Good Morning Britain

Good Morning Britain

Good Morning Britain

Is this the most ironically titled breakfast show in the history of television?

Every morning I wake at 6am, sit down on the sofa with a cup of tea and some wheat based cereal and switch on the TV. I like to be eased into the new day, like a child starting primary school, deep down I know there are harder things to come but right now let me doing some colouring in and play bumper cars in the playground. Bumper cars was a game at my school where kids would wear their school bags on their front and run into each other in an attempt to knock their opponents out of the circle, like a rucksack sumo. I was never very good at the game as I chose to use a hessian bag for life as a school bag which offered very little protection when being charged into. However, the durability of the bag meant that I was able to use it right the way through to university so I’m sure we’d all agree who the real winner was. Me. It was me.

Nevertheless I flick through the channels and however popular Raymond claims to be I prefer a bit of light hearted pre-sunrise chat so usually tune into ITV for their popular breakfast show Good Morning Britain. However, over the past six months I’ve found the structuring of the show baffling, a particular example being a segment on the underground British slave trade, followed by a cut away to Andy Peters in the back of a van.
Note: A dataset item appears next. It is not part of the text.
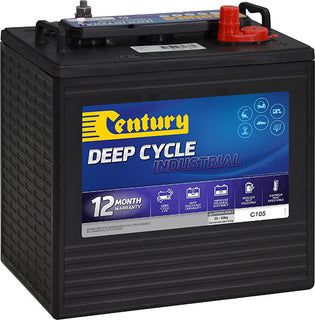 Century Deep Cycle Industrial 225AH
I also can’t help but feel that some of the subject matter is designed to elicit fear amongst the viewers.

Here is the kind of thing I mean:

“Thanks for joining us, now we all enjoy the occasional piece of shortbread but new studies have shown eating just one biscuit a month could increase your chances of getting testicular cancer. Today we are joined on the sofa by Eric, Eric was diagnosed with testicular cancer 18 months ago, Eric, when did you find out you had the cancer? And do you like shortbread? … sorry Eric we are going to a break now but we’ll back with some stats about genital mutilation and Lemar is here in the studio to perform his new single.”
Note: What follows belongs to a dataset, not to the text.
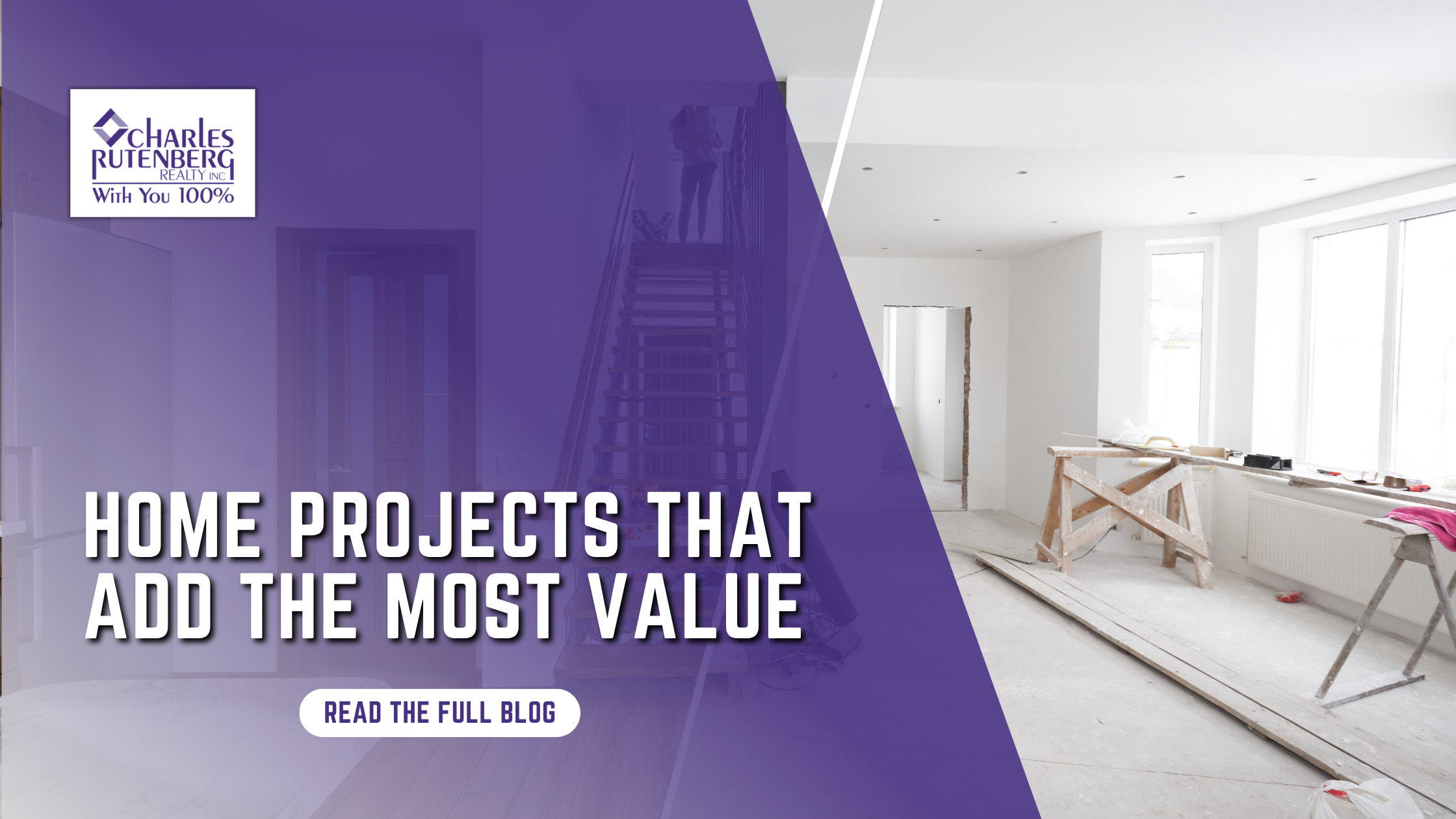 Home Projects That Add the Most Value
I understand there are issues in the world but I’m not sure that bombarding the nation at that time in the morning is the best way to raise awareness. Not only that, but those topics are hardly conducive to me enjoying the work of UK soul artist Lemar. Even the most versatile performer would struggle to follow a segment on Islamic radicalisation. I have often in the past made love to a Lemar’s album (the music not the cover art) but now I’m scared that the sound of his gravely tones may take me back to a feature on I.S or worse a mental image of Richard Arnold.

There are positives about the show of course, mainly the versatility of lead presenter Ben Shepard, he is the swiss army knife of broadcasting. One minute he is berating a politician over the Right to Buy scheme and before you can say miniature nail file he is anchoring a midfield in a celebrity football match. Yes we’d like to see him show a bit more chest but I can see the value in Ben wearing a suit especially during the election run in.

Gone are the feel-good stories about cats dialling 999 to save an elderly relative who has fallen down the stairs, I.S and disease now dominate our screens and I for one fail to see what cats can do to help with those things? We can only hope that the good days return and begin to reign supreme like Oliver Jones in a game of year 4 bumper cars (very big for his age, smelt like TCP).